Published Date: 2021-06-17 | Source: INCE|Community | Author: The Finance Ghost
If you've never heard of Irongate Group, don't feel too bad.
You've certainly heard of Investec before and possibly the Investec Australia Property Fund. That Australian fund rebranded to the Irongate Group in late 2020 as part of a transaction in which it internalised its management company.
External management companies: how property execs got rich
Back in the day, property funds were structured with management companies (ManCos) sitting externally to the fund. That allowed the management team to charge a percentage-based fee to the fund based on the value of assets, which was a wonderful deal for management teams and a poor deal for shareholders.
Think about every other type of company. The management team earns salaries and bonuses based on specific KPIs, not a fee based on a percentage of assets. Apart from the percentage fee usually costing more than salaries and bonuses, the other issue is alignment. A percentage fee simply encourages the management teams to do more deals rather than the right deals.
Across the JSE, property funds "internalised their ManCos" by paying out the management team based on a negotiated price, referenced to the likely fee income in the short-term. Generally, internalisations were highly lucrative for property management teams that were paid substantial sums to cancel their management agreements. It was a wonderful time to be a property executive.
Since then, the property sector has cooled off, raising money locally is trickier and the ManCo structures are firmly a thing of the past. For management teams as well as investors, it is extremely important to time the market in a journey of wealth creation.
Irongate: an Aussie fund with an Aussie structure
Irongate internalised its ManCo in late 2020 using a stapled unit structure, which is as Australian as the spiders that are big enough to carry you away in the night. Relatively uncommon in the rest of the world, a stapled security is simply the combination of two or more other securities to form a single unit. The underlying securities cannot be bought or sold separately.
In this case, the payment was made to the Investec Group to acquire the management rights of the fund, based on how this specific fund had been set up. To give an idea of the quantum, Investec was paid A$40m which equated to around 3.2% of the total assets under management.
South African demand for offshore property funds remains strong
With the tricky restructuring out of the way, Irongate got back to business with the acquisitions of further properties.
The latest acquisition is a property in Canberra for A$73.75m. The A-grade office building has its anchor tenant (55% of the property) as the Australian National Audit Office and the implied yield for the acquisition is 5.13%.
To fund the acquisition, Irongate launched a capital raise for approximately A$50m at a 3.9% discount to the closing price last week.
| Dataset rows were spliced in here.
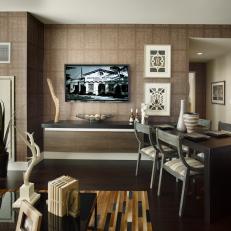 Brown Living Room With Space-Saving Dining Table and Global Accents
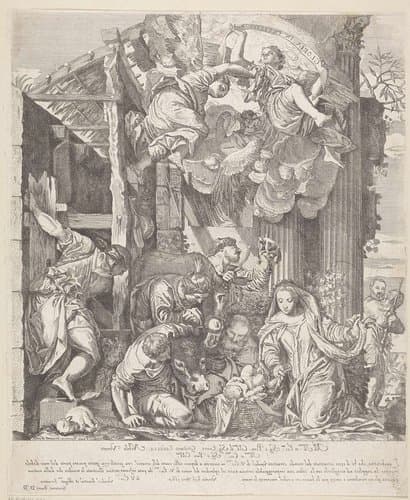 Aanbidding door de herders by Giacomo Barri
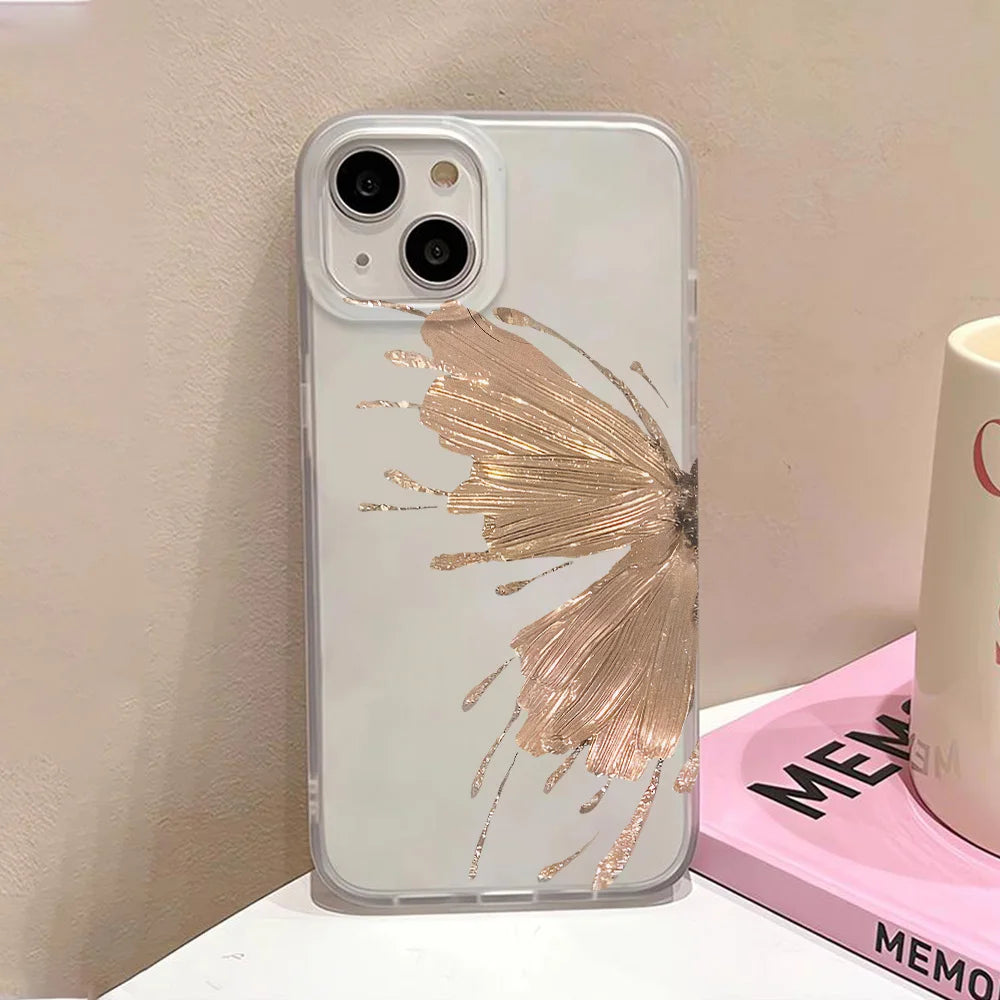 Gold Butterfly Soft TPU Case For iPhone 13 11 12 14 15 17 16 Pro Max Funda iPhone 12 13 Mini Plus Translucent Clear Phone Cover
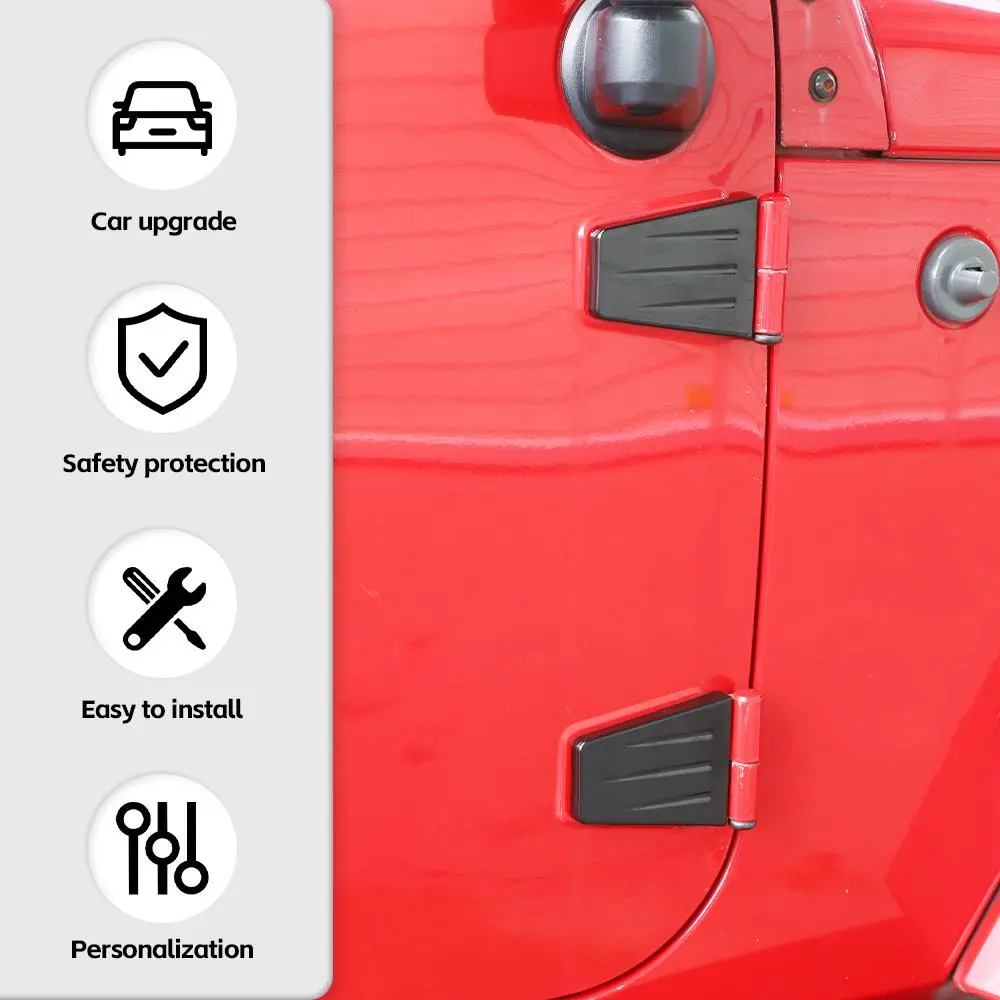 For 2007-2018 Jeep Wrangler JK 2 Door Hinge Cover Trim Upgrade Black - Image 7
According to Irongate, that's an implied yield (based on FY22) of 6.2%, which gives an idea of the returns available on an Australian fund.
The money was raised in the form of a fully underwritten accelerated bookbuild on Tuesday. It's a bit odd to do it the day before a public holiday, but the money was raised without any hiccups.
"Fully underwritten" means that even if investors weren't interested, investment banks had been lined up to take up any unissued shares (in exchange for a fee, naturally). This means that the company was guaranteed to raise the required amount.
An "accelerated bookbuild" means that the bankers pick up the phones to their institutional clients and offer the shares. The clients indicate a level of interest and the book is built accordingly. Once the full amount is raised, the book closes and the allocations are made.
This is not the same as an offer to the public, which is why the regulatory process is so much smoother. Only qualifying investors are included in the capital raise and the disclosure burden for the company is a fraction of what it would be otherwise.
The company announced by 2pm that the bookbuild was closed and the full amount had been raised. Even when many people were on leave on Tuesday, there was clearly enough investor interest to pull together A$50m (approximately R530m).